Supplied data:
━━━━

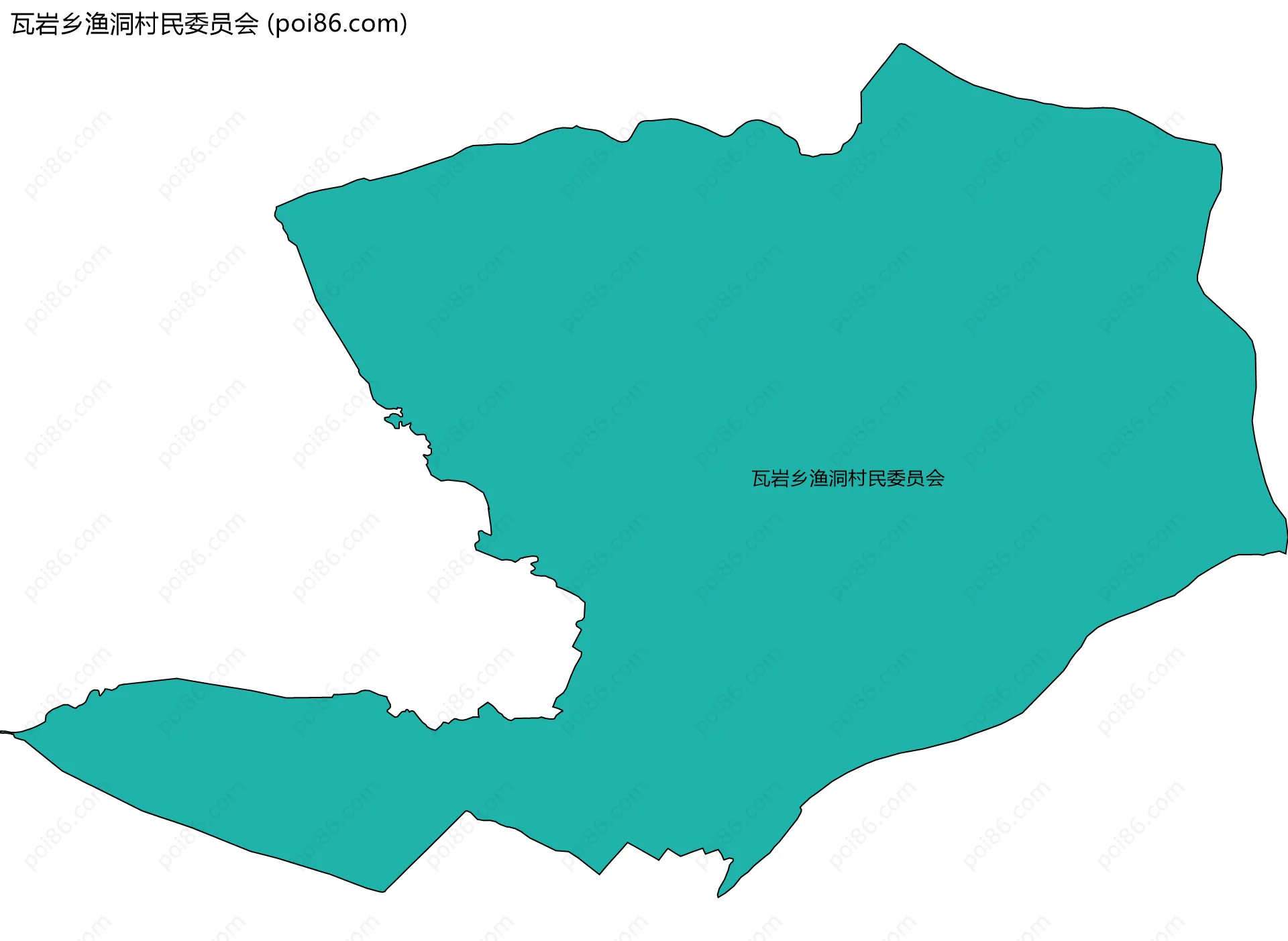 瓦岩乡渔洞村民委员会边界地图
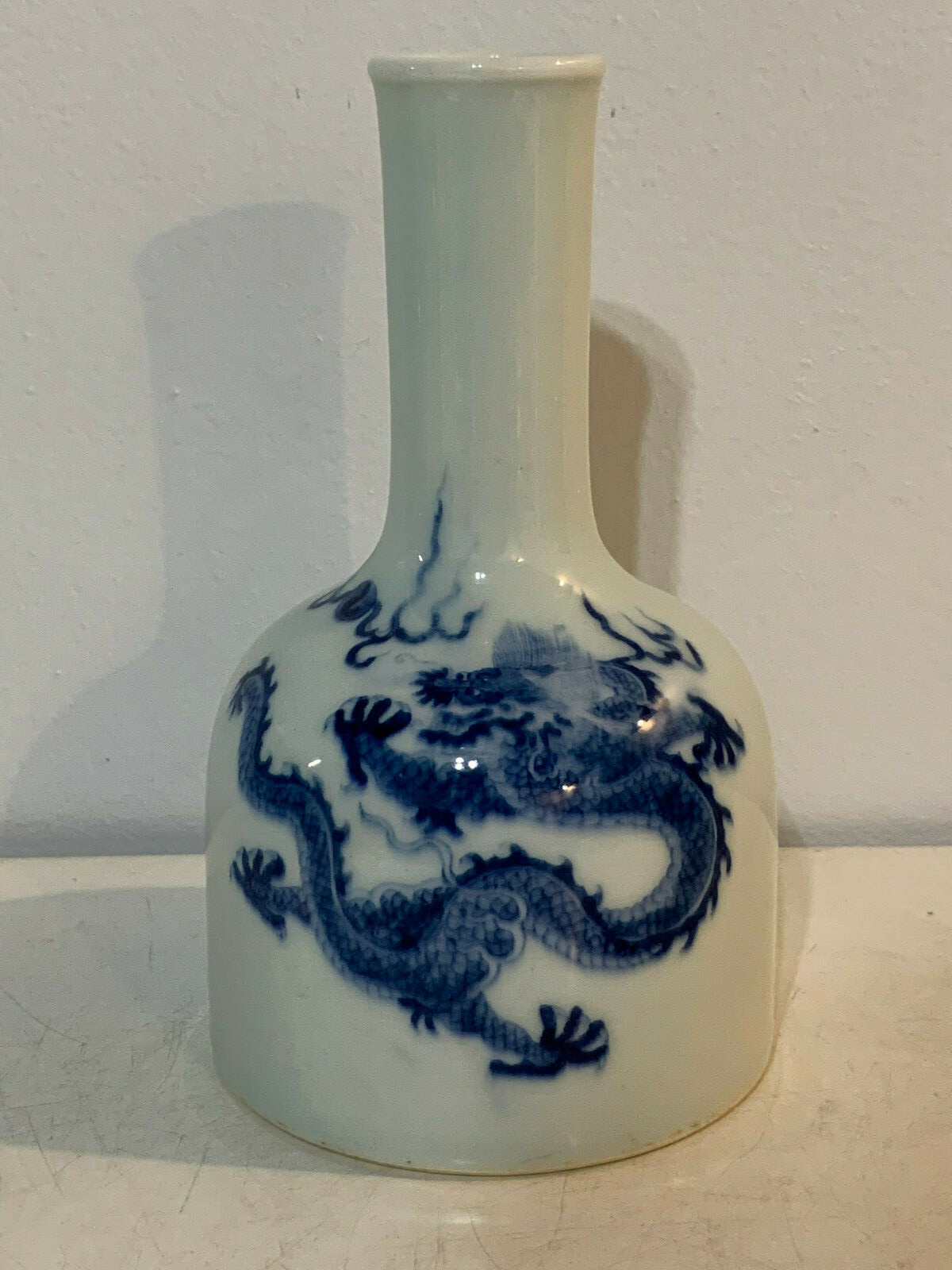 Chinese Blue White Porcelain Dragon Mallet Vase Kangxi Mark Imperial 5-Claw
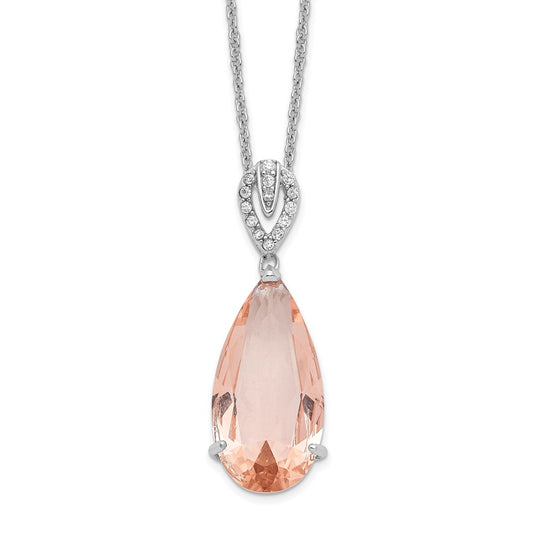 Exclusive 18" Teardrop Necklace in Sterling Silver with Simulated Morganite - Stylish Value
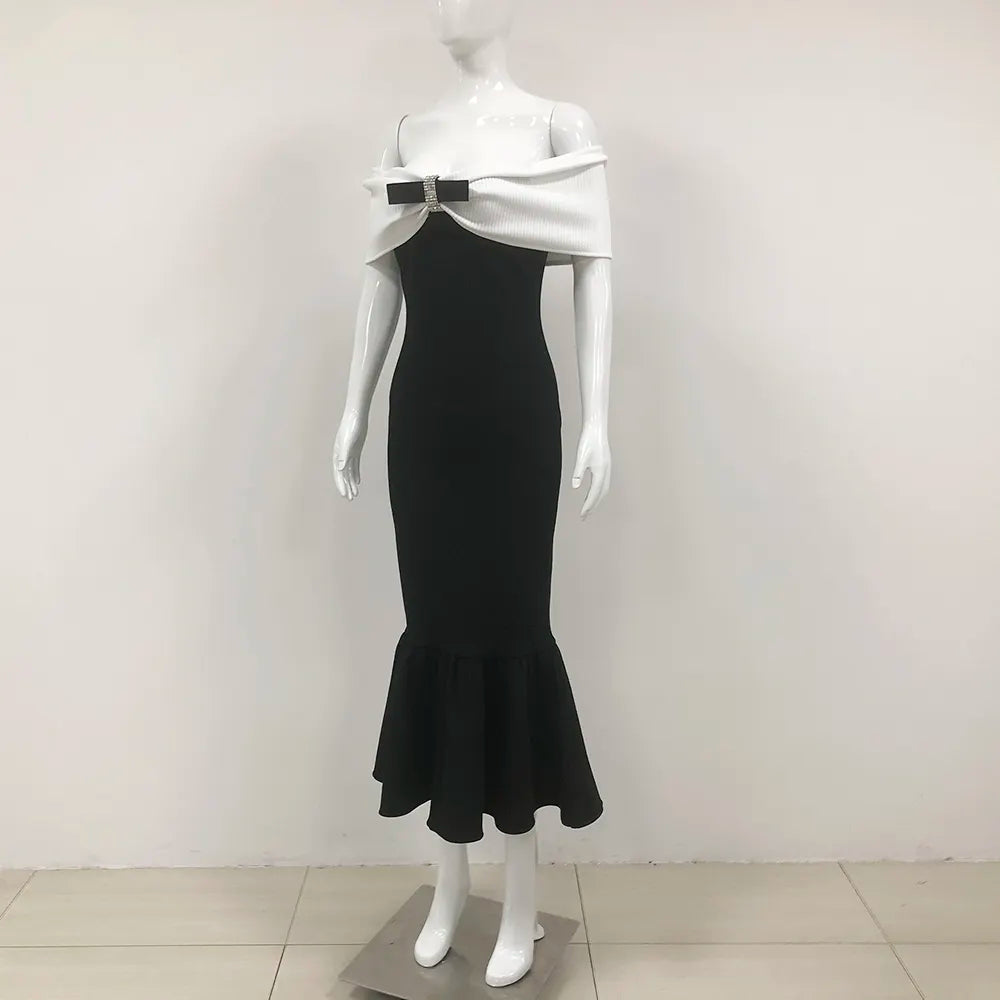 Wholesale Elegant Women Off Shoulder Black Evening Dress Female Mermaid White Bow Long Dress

━━━━

Exercise aim: Copy every line above exactly, leaving no picture in the copy.

Exercise result:
 瓦岩乡渔洞村民委员会边界地图
 Chinese Blue White Porcelain Dragon Mallet Vase Kangxi Mark Imperial 5-Claw
 Exclusive 18" Teardrop Necklace in Sterling Silver with Simulated Morganite - Stylish Value
 Wholesale Elegant Women Off Shoulder Black Evening Dress Female Mermaid White Bow Long Dress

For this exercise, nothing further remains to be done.